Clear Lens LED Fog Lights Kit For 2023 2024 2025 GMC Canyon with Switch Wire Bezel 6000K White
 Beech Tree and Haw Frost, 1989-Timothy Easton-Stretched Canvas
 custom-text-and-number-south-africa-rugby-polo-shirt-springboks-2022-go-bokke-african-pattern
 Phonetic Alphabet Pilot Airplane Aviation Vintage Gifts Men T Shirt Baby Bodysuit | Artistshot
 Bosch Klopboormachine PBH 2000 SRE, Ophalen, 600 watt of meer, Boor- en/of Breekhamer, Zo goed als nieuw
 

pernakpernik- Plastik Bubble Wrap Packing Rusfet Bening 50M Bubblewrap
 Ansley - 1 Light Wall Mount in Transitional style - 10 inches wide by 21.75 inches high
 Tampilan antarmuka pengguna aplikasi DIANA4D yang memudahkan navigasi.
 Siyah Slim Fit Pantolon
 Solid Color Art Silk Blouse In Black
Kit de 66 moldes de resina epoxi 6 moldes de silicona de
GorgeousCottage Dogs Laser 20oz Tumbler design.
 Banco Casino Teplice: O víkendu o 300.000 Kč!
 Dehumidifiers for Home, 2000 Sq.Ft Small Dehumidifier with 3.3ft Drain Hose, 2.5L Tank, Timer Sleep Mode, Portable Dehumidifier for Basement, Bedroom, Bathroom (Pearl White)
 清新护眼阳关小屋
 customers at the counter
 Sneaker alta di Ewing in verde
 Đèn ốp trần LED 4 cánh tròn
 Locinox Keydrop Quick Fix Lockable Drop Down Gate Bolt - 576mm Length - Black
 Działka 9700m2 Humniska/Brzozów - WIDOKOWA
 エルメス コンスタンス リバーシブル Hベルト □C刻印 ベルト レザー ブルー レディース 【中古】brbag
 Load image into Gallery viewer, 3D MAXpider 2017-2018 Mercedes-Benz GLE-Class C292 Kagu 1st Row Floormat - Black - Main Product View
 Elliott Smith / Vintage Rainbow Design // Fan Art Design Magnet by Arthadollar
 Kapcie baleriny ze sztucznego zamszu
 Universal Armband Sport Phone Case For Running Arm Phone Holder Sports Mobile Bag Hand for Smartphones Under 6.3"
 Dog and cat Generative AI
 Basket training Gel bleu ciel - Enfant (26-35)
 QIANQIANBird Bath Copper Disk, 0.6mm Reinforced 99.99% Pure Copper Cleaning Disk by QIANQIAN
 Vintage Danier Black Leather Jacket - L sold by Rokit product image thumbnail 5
--------------------------------
**EXERCISE DESCRIPTION**:
Here the job is to output the lines from the start of the material through the line with "Siyah Slim Fit Pantolon", inclusive, exactly and with nothing else.

**RESPONSE**:
Clear Lens LED Fog Lights Kit For 2023 2024 2025 GMC Canyon with Switch Wire Bezel 6000K White
 Beech Tree and Haw Frost, 1989-Timothy Easton-Stretched Canvas
 custom-text-and-number-south-africa-rugby-polo-shirt-springboks-2022-go-bokke-african-pattern
 Phonetic Alphabet Pilot Airplane Aviation Vintage Gifts Men T Shirt Baby Bodysuit | Artistshot
 Bosch Klopboormachine PBH 2000 SRE, Ophalen, 600 watt of meer, Boor- en/of Breekhamer, Zo goed als nieuw
 

pernakpernik- Plastik Bubble Wrap Packing Rusfet Bening 50M Bubblewrap
 Ansley - 1 Light Wall Mount in Transitional style - 10 inches wide by 21.75 inches high
 Tampilan antarmuka pengguna aplikasi DIANA4D yang memudahkan navigasi.
 Siyah Slim Fit Pantolon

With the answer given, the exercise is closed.